Choose Administrative Tools> Local Security Settings> password policy:

1. The password must comply with complex requirements. Enable

2. Minimum password value. I set it to 8.

3. The maximum password validity period is 42 days by default.

4. The minimum password validity period is 0 days.

5. Force password history to remember 0 passwords

6. Use recoverable encryption to store and disable passwords

11. Local Policies

This is very important. It can help us find every action of the people who are tested and track down hackers in the future.

(Although hackers usually clear the traces they leave on your computer when they leave, there are also some carelessness)

Open the management tool and find local security settings-local policy-Audit Policy:

1. Audit Policy Change failed

2. login event review successful failure

3. An error occurred while accessing the Audit object.

4. No review is performed during the review and tracking process.

5. Failed to Audit Directory Service Access

6. failed to review privilege usage

7. System Event Review failed

8. An error occurred while checking the Account Logon Time

9. Account Management Review failed

& Nb sp; then go to the management tool to find the Event Viewer:

Application: Right-click> Properties> set the maximum log size. I have set 50 mb and choose not to rewrite the event.

Security: Right-click> Properties> set the maximum log size. I also set 50 mb and select not to rewrite the event.

System: Right-click> Properties> set the maximum log size. I have set 50 mb and choose not to rewrite the event. 12. Local Security Policy

Open the management tool and find local security settings-local policy-Security Options:

1. Interactive login. You do not need to press Ctrl + Alt + Del to enable [based on personal needs ,? But I personally do not need to enter the password to log on.

.

2. network access. do not enable Anonymous Enumeration for SAM accounts.

3. network access. You can delete the value after anonymous sharing.

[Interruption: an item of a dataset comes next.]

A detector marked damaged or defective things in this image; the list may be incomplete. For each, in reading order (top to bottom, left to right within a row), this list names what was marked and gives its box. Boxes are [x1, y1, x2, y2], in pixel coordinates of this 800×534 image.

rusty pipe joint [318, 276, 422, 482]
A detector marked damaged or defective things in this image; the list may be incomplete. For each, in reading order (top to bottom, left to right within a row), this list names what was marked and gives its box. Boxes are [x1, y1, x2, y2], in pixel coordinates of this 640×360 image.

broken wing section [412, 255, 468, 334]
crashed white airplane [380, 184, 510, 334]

4. network access. Anonymous Named Pipes can be used to delete values.

5. network access. The Registry path that can be remotely accessed will be deleted.

6. network access. The sub-path of the Registry that can be remotely accessed will delete the following values.

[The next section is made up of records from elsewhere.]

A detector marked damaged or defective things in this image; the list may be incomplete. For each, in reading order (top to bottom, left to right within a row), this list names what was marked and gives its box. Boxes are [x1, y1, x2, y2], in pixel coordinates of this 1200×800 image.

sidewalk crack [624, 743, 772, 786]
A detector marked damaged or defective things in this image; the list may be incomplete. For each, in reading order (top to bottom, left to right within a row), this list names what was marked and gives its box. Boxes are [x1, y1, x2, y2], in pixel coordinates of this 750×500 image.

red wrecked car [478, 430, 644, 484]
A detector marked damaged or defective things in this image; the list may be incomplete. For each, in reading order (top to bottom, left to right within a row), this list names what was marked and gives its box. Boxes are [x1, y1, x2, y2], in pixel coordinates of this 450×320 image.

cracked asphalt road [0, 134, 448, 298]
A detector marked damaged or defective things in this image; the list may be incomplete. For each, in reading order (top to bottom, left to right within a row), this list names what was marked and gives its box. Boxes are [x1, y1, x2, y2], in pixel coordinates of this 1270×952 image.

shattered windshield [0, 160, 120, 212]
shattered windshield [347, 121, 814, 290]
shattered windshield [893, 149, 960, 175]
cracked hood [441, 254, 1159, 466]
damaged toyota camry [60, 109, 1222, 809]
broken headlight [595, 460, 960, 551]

7. network access. Restrict anonymous access to named pipes and shares.

8. account. (as mentioned above ).

13. user permission Allocation Policy

Open the management tool and find local security settings-local policy-user permission assignment:

1. Generally, there are 5 users by default in accessing the computer from the network. We delete 4 Users except Admin. Of course, we have to create another owner.

In your own ID.

2. Force shutdown from the remote system and delete the Admin account.

3. Refuse to Access this computer from the network and delete the ID.

4. Admin can also delete the computer from the network. If you do not use services similar to 3389.

5. Force shutdown at the remote end. Delete.

14. Terminal service configuration

(We can see that some people have made a statement that this operation is under. x in 2000 or 2003.